Не спорил он и с герцогом де–Лирия, который уверял его, что государь начинает стряхивать с себя иго.
Когда кто‑нибудь с ужасом объявлял Андрею Ивановичу, что Долгорукие уж начинают делить между собою высшие должности: Алексей‑де хочет быть генералиссимусом, первым министром, Иван — великим адмиралом, Василий Лукич — великим канцлером, Сергей Долгорукий — обер–шталмейстером, он спокойно отвечал на это:
— Что ж, конечно, в порядке вещей желать им себе почестей; теперь ведь близкой родней государю делаются, конечно, им первое место.

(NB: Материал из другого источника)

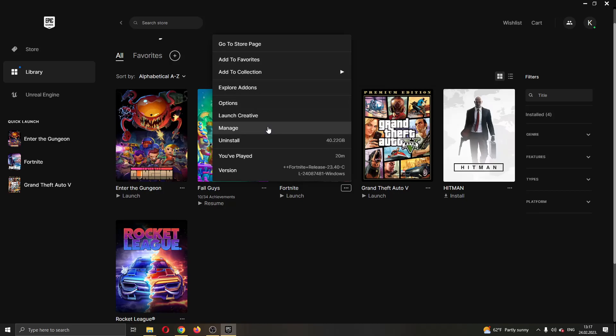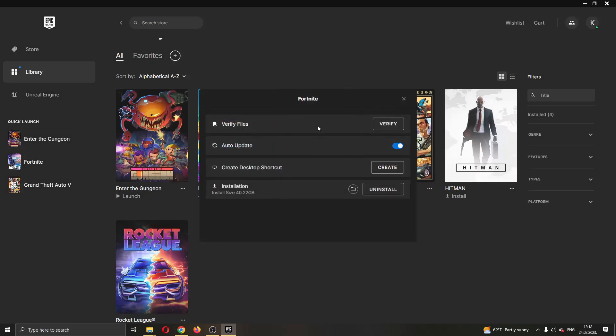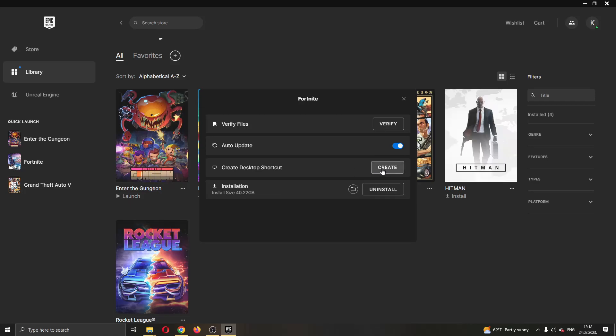What we want to do is go ahead and click this option right here called manage. Click on manage and now this will open up again a new page of options where you can either verify your files or update and so on. As you can see here, the third option right here is called create desktop shortcut. Go ahead and click this button right here called create.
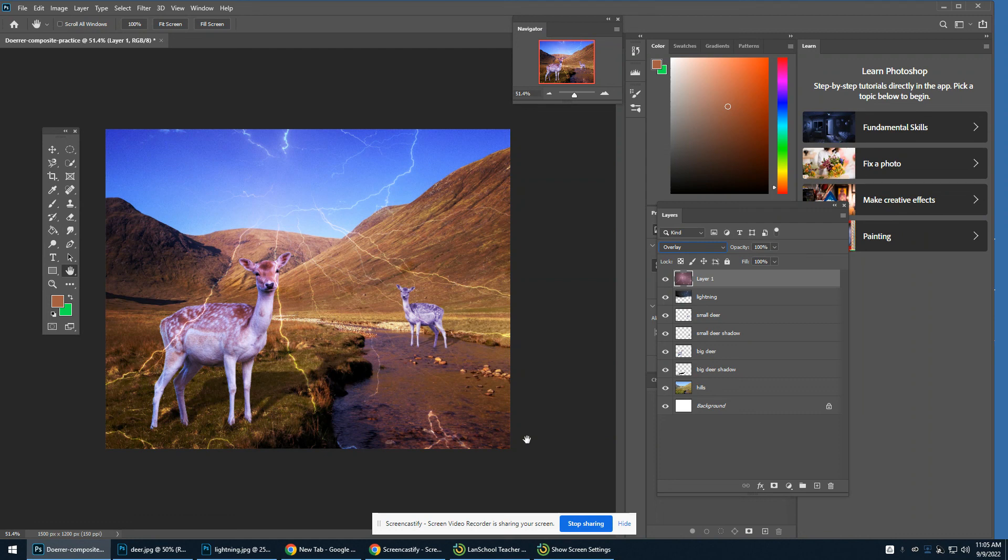That's adding some lightning with your layer blending modes.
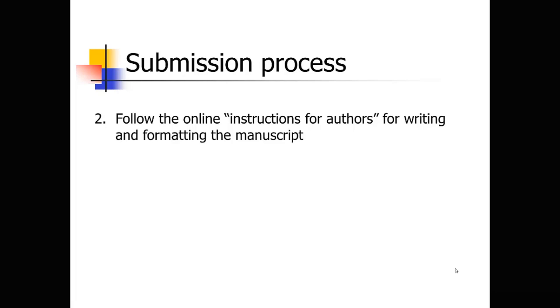So pay attention to that. Again, find those instructions before you write and format the paper so that you can do all that from the get-go.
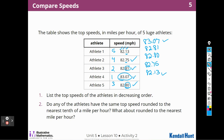Do any of the athletes have the same top speed rounded to the nearest tenth of a mile per hour? Yes — 82.81, 82.80, and 82.75 all round to 82.8. They would all round to the nearest tenth as 82.8. Rounded to the nearest mile per hour: athletes two, three, four, and five would all round to 83 miles per hour, while athlete one would stay at 82 miles per hour.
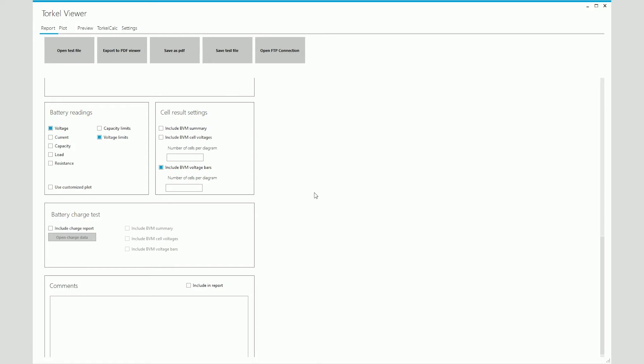Next, this is where we decide what test data we want to see on the report. On the left, you have the overall battery measurements. So here you can see that the voltage and the voltage limits checkboxes have been checked, which means that on your main graph, you will see the overall battery voltage and the voltage limit will be shown on the graph as well.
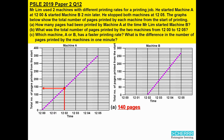For Part B, total number of pages, we will look at the two graphs separately. For machine A, look at the time 12.05, follow it upwards, and then look towards the left — that shows 350 pages. Likewise for machine B, follow 12.05 upwards and then to the left, and you will find 270 pages. Adding the two numbers together, we get 620 pages.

И все уходили от него, понимая, что с таким осторожным и ничего не выдающим человеком лучше и не разговаривать. Можно только завидовать его разуму и стараться идти по стопам его.
Но что бы ни говорил Андрей Иванович, всем было ясно, что если даже государь и не стряхивает с себя ига, то, во всяком случае, очень холодно относится к своей невесте.«И она довольна этим, наверное. Она неохотно принимала бы нежности жениха: ведь не успела еще забыть своего милого, графа Миллезимо». Так обыкновенно кончались все подобные разговоры. И поневоле приходилось убеждаться, что сильно заколдовали царя Долгорукие, если он после известной сцены, устроенной невестой, от нее не отказался.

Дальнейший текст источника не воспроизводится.